|
Forum FiestaKlubPolska -
|
 |
Elektryka ogólna - [MK4] Probelem ze światłami mijania i długimi.
Sebas102 - 15 Paź 2014, 23:04 Temat postu: [MK4] Probelem ze światłami mijania i długimi. Witam. To mój pierwszy post na forum więc wypada się przedstawić. Mam na imię Sebastian i mieszkam w Cz-wie. Od niedawna mam fiestę mk4, 1.3 benzynkę. Mam problem z wariującym oświetleniem. Mianowicie gdy włączam światła dzienne nie świecą mi się wcale. Działają tylko postojowe. Świateł długich również nie mam, jest tylko jak pociągnę manetkę do siebie. Z tyłu światła są ok. Kierunki i awaryjne też działają. Nie wiem gdzie szukać probemu. Nie wydaje mi się żeby były to żarówki. Może jakiś bezpiecznik? Czy bezbieczniki w MK4 są tylko pod klapą w tej plastikowej skrzyneczce? Jeśli tak to sprawdzałem i nie było przepalonych.

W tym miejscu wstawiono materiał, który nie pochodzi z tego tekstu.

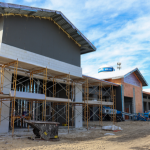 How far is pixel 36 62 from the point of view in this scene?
13.4 metres

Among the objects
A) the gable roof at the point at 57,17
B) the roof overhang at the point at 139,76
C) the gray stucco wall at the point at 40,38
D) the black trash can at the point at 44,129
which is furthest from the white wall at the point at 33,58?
the roof overhang at the point at 139,76

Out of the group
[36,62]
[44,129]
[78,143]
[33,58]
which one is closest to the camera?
[78,143]

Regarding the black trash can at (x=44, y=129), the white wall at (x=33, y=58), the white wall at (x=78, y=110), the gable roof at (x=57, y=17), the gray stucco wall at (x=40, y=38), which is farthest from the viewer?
the white wall at (x=78, y=110)

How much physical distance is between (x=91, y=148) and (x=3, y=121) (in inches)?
240

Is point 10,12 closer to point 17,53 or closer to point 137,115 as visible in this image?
point 17,53

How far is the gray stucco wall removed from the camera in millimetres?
12227

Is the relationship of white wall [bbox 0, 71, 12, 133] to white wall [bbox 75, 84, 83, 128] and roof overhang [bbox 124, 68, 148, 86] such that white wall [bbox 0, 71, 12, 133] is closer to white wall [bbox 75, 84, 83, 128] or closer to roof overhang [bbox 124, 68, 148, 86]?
white wall [bbox 75, 84, 83, 128]

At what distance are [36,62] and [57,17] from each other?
14.9 ft

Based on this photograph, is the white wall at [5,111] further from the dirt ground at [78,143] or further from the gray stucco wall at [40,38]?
the gray stucco wall at [40,38]

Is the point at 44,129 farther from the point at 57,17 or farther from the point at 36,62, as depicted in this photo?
the point at 57,17

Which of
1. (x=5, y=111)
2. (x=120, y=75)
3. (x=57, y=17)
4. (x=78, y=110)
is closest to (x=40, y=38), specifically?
(x=57, y=17)

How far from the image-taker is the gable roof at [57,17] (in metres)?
11.7

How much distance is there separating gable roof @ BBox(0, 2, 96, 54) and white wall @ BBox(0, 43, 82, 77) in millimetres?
2362

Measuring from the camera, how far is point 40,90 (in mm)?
15789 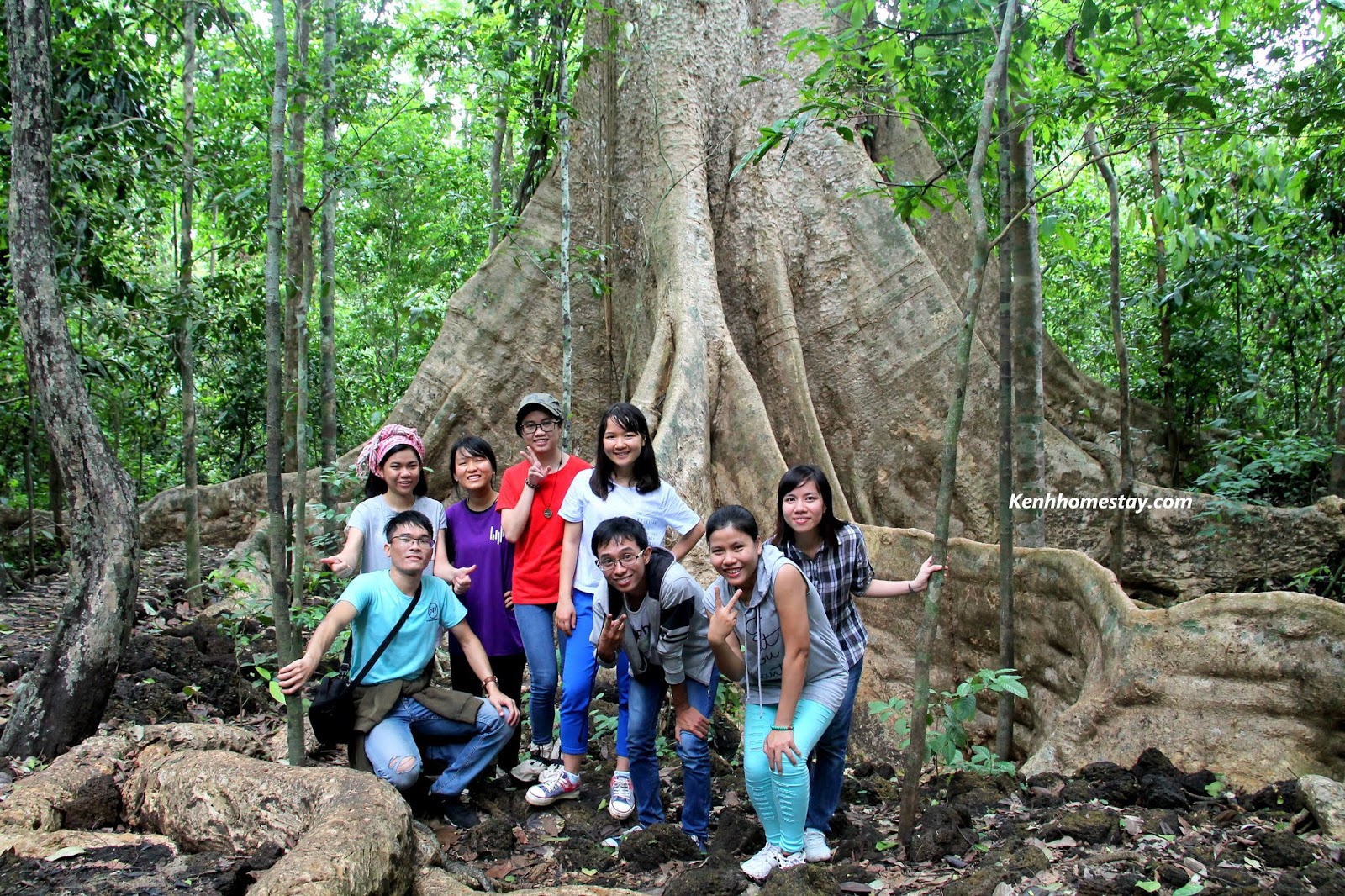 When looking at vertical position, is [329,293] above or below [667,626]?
above

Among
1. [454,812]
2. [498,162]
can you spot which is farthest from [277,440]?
[498,162]

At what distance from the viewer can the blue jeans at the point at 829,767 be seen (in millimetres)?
3652

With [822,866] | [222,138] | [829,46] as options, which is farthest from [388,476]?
[222,138]

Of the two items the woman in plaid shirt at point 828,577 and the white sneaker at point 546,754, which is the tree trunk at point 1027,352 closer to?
the woman in plaid shirt at point 828,577

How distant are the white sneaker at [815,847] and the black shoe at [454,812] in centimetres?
145

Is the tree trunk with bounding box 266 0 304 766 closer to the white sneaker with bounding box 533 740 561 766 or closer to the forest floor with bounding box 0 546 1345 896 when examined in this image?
the forest floor with bounding box 0 546 1345 896

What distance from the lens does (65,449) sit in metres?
4.44

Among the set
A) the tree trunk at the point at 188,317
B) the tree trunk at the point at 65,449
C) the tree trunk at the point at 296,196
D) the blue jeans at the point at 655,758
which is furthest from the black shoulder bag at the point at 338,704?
the tree trunk at the point at 188,317

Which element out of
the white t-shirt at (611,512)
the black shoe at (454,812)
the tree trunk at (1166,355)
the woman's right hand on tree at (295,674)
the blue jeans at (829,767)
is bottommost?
the black shoe at (454,812)

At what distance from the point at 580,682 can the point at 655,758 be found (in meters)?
0.50

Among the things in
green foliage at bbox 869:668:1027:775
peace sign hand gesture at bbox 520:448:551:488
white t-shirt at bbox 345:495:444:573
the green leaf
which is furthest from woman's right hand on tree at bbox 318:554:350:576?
the green leaf

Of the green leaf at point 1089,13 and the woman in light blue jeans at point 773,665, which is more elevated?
the green leaf at point 1089,13

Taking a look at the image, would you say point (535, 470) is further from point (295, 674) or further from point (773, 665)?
point (773, 665)

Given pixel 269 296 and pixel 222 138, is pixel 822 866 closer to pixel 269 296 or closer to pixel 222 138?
pixel 269 296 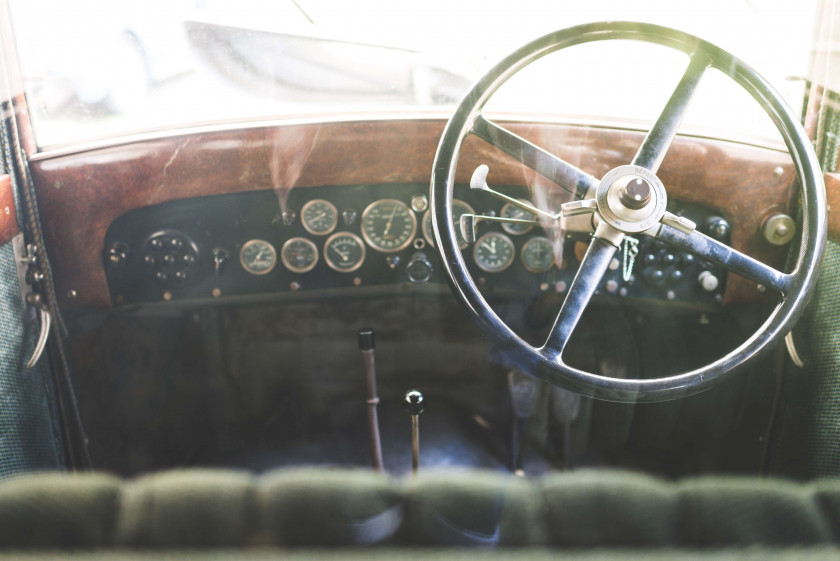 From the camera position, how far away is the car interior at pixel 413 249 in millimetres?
1323

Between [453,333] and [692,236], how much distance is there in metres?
1.06

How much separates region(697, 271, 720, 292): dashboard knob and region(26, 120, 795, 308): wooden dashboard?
6 centimetres

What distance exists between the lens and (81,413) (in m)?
1.94

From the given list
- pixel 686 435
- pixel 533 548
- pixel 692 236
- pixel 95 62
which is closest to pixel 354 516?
pixel 533 548

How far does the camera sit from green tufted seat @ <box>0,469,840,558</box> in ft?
1.26

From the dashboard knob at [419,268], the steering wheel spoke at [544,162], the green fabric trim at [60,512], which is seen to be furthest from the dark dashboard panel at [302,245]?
the green fabric trim at [60,512]

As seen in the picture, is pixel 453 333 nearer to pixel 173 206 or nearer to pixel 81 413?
pixel 173 206

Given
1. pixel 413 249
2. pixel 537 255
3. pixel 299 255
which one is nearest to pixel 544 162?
pixel 537 255

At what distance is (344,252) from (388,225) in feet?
0.54

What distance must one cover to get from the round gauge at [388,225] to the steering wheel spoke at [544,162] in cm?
53

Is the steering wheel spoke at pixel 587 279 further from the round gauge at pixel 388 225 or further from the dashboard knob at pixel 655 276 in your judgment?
the round gauge at pixel 388 225

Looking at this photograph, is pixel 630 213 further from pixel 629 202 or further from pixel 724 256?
pixel 724 256

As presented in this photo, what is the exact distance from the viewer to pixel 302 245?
74.1 inches

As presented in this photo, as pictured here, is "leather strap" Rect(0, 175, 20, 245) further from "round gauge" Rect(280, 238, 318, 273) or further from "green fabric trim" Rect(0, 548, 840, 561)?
"green fabric trim" Rect(0, 548, 840, 561) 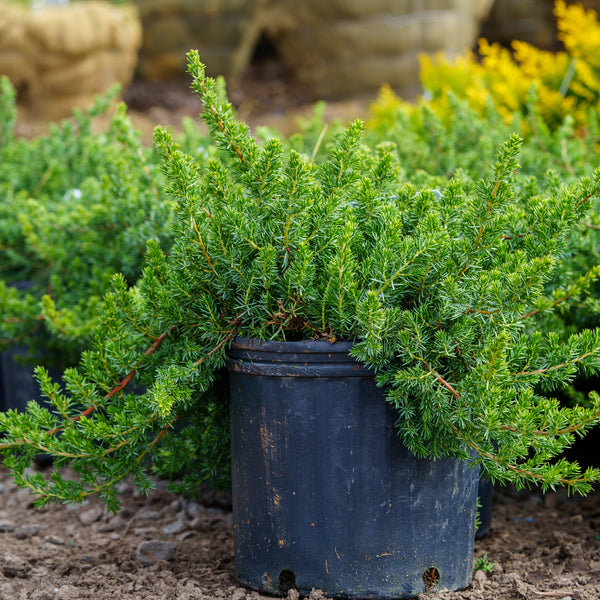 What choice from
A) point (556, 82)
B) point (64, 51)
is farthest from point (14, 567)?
point (64, 51)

Prosił bym o naprowadzenie na problem. Być może czeka mnie wizyta u elektryka, ale wolał bym najpierw sam spróbować.
Pozdrawiam Sebastian.
Freeman - 15 Paź 2014, 23:10
jako światła dzienne rozumiesz światła mijania (krótkie)?
Przyczyną może być przełącznik zespolony czyli te manetki.
Sebas102 - 16 Paź 2014, 07:28
Freeman napisał/a: | jako światła dzienne rozumiesz światła mijania (krótkie)? |
Tak, mam na myśli mijania. Dzięki za sprostowanie.
Sprawdzę po pracy co jest z tym przełącznikiem zespolonym. Może to będzie przyczyna problemu. Dzięki za pomoc w tej kwestii. Odezwę się jak nie znajdę przyczyny.
Pozdrawiam.
Parzych - 16 Paź 2014, 22:12
Sebas102 napisał/a: | Czy bezbieczniki w MK4 są tylko pod klapą w tej plastikowej skrzyneczce? | Nie, są również w kabinie, gdzieś mi się obiło o oczy, że w okolicy lewej nogi kierowcy...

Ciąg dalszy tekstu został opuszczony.